* _What is required_: All that should come back is the lines of the data below from the one containing "Secret compartment on" to the one containing "Wartende Fahrgäste im U-Bahnhof Marienplatz.", inclusive, exactly as they stand.

* _Data for review_:
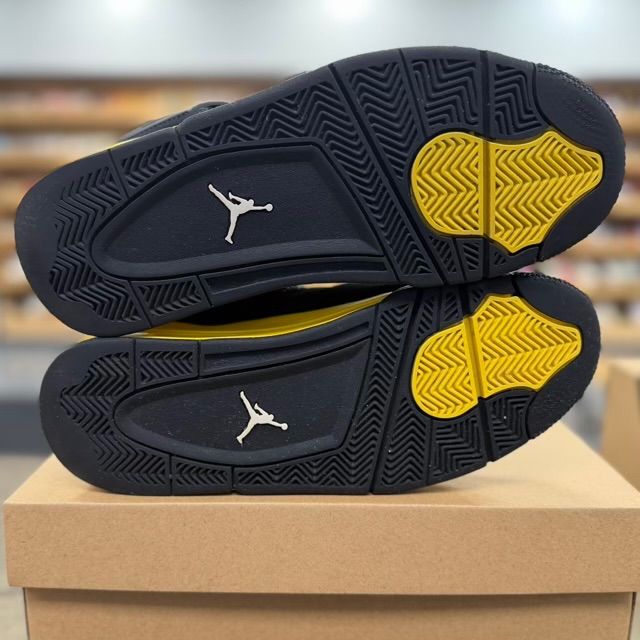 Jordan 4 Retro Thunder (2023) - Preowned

--

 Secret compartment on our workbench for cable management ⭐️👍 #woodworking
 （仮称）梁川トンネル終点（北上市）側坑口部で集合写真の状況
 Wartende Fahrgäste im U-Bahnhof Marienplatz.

* _Expected answer_:
 Secret compartment on our workbench for cable management ⭐️👍 #woodworking
 （仮称）梁川トンネル終点（北上市）側坑口部で集合写真の状況
 Wartende Fahrgäste im U-Bahnhof Marienplatz.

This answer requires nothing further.